Il programma prevede tre sezioni (1. Alle origini dell’antifascismo, 2. L’esplodere della Resistenza, 3. Uscire dalla guerra e immaginare la democrazia) attraverso le quali le diverse relazioni ripercorreranno alcuni dei nodi tematici e storiografici più rilevanti che hanno contraddistinto la storia dell’antifascismo nazionale e più nello specifico del nord-est. Il convegno verrà aperto da una lectio del prof. Pietro Polito che si concentrerà sulla figura di Piero Gobetti a 80 anni dalla sua morte e verrà chiuso da una relazione del prof. Luca Baldissarra che traccerà un bilancio dei diversi interventi ragionando anche sulla categoria del lungo antifascismo.

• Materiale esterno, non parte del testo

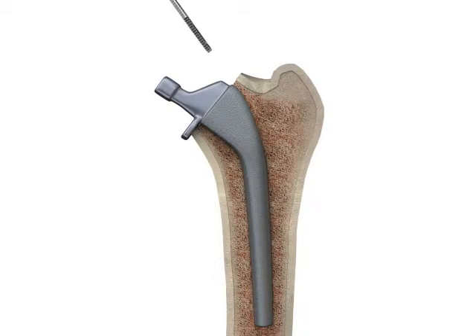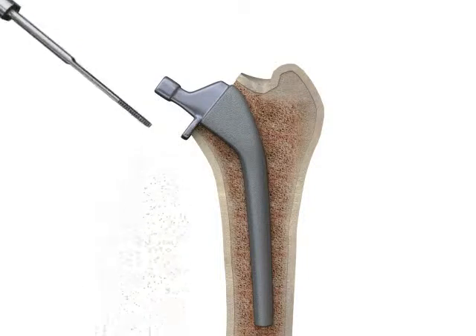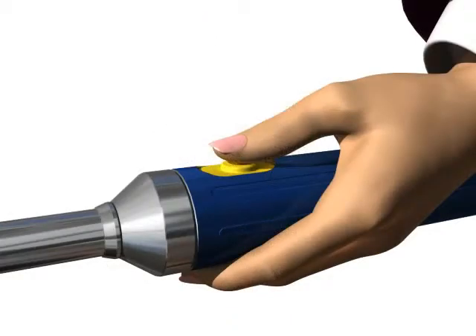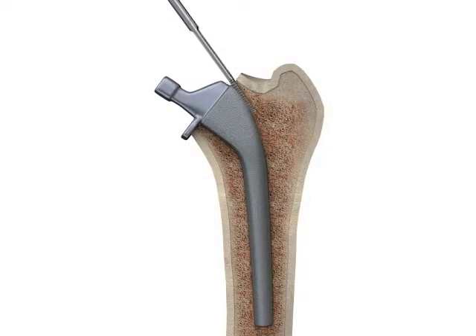Once the slots are created, the 6mm flat serrated probe can be used to break the interface of the remaining bony ingrowth. Activating the probe before entering the slots will provide optimum performance, and a manual sawing motion may be needed when cutting cortical bone.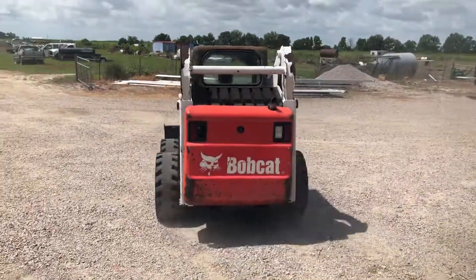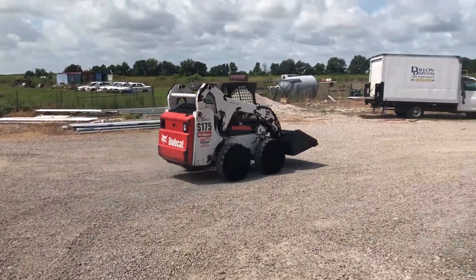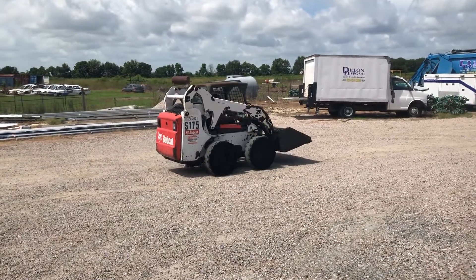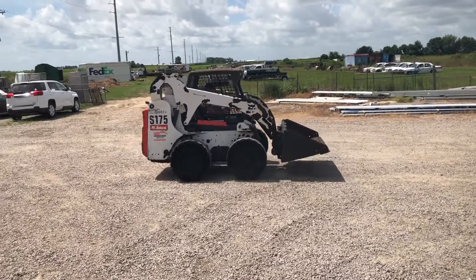I'm doing a drive video on this 2012 Bobcat S175 skid steer. So far it seems to be a pretty nice unit. You can see it going forward, and he's going to back it up here. It has that 49 horsepower Kubota diesel engine, 2.4 liter.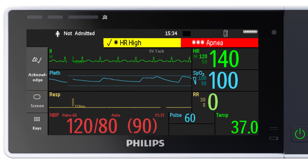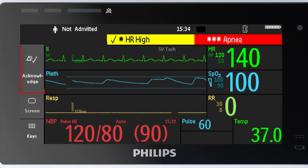These are the screen keys. This key is to acknowledge alarms. This is the main screen key. And this is the key to access all smart keys.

A 81 anni dalla fine del Secondo conflitto mondiale e del fascismo e a 80 anni dal voto al referendum del 2 giugno 1946 con questo convegno si vogliono rimarcare le radici profonde della transizione alla democrazia che si concluse definitivamente nel gennaio del 1948 con l’entrata in vigore della nuova costituzione, riflettendo sul fatto che, probabilmente, furono proprio quelle radici e quella lunga maturazione a far sì che il processo andasse a buon fine.